Archive for August 9, 2018

Thursday, August 9, 2018

Apps Removed in Ban of Gambling-Related Apps

Tim Hardwick:

In an attempt to crack down on gambling-related apps in the App Store, Apple has today implemented a new App Review policy for individual developers, but many apps that are being banned as a result appear to have very little to do with gambling at all.

[…]

The reason that apps unrelated to gambling are being removed appears to be because the ban currently applies to any apps that allow users “unrestricted web access”.

Talk about amateur hour. Apple didn’t just reject new submissions of apps, but rather it removed apps that were already in the store.

Simon B. Støvring:

Today Apple removed my 3 years old app for browsing and sending GIFs from the App Store. The reason? They no longer allow gambling apps submitted by individual developers 🤷‍♂️

Wojtek Pietrusiewicz:

Our newsstand/news/magazine app just got removed from sale from the App Store 24 hours after our 3.0 update was approved. Reason given: gambling/fraudulent activity. We publish a magazine — nothing to do with gambling or fraud at all. 😞😢😲😱

His app is now back.

Patrick McCarron:

Wow Apple pulled my almost exactly 11 year old Blackjack 21 game from the AppStore due to it simulating gambling AND me being an individual developer.

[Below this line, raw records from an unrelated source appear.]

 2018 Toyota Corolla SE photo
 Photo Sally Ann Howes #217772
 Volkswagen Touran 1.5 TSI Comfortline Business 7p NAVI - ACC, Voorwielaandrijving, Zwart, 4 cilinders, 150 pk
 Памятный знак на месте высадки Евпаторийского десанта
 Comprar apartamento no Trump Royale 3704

Not sure if I want to incorporate at this point to put it back in there as I never had time to update it fully for iOS 11+.

Apple today confirmed it has removed “many” illegal gambling apps, and developers distributing them, from its App Store in China.

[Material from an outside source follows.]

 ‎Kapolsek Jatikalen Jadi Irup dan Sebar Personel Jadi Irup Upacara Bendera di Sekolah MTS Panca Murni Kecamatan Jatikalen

Under fire from Chinese state media, Apple Inc. said it removed illegal gambling apps from its App Store in China—a move that could help quell the latest challenge for the American tech giant in its most important market outside of the U.S.

Apple Users “Most Appealing” to Cybercriminals’ Online Scams

Jonny Evans (via Thomas Reed):

Top10VPN’s latest Dark Web Market Price Index suggests Apple users are becoming the most popular targets for online scammers. In March, the index reported that Apple ID data trades hands at $15 per account.

[…]

One thing the report does suggest is that rather than platform-based attacks, cybercriminals are moving to trust-based attacks to target the valuable Apple demographic. They work to persuade users to click on innocuous-seeming pages, persuade them to enter banking details on spoof banking pages, and so on. Apple is wise to this, and to help protect customers, it recently introduced new phishing protection tools for Macs and iOS devices.

Google Maps’ Influence on Neighbourhood Names

Jack Nicas:

For decades, the district south of downtown and alongside San Francisco Bay here was known as either Rincon Hill, South Beach or South of Market. This spring, it was suddenly rebranded on Google Maps to a name few had heard: the East Cut.

The peculiar moniker immediately spread digitally, from hotel sites to dating apps to Uber, which all use Google’s map data. The name soon spilled over into the physical world, too. Real-estate listings beckoned prospective tenants to the East Cut. And news organizations referred to the vicinity by that term.

[…]

Yet how Google arrives at its names in maps is often mysterious. The company declined to detail how some place names came about, though some appear to have resulted from mistakes by researchers, rebrandings by real estate agents — or just outright fiction.

Via Nick Heer:

Even the area I grew up in, West Hillhurst, is called Upper Hillhurst in Google Maps, which is just north of Westmount, another neighbourhood that doesn’t exist.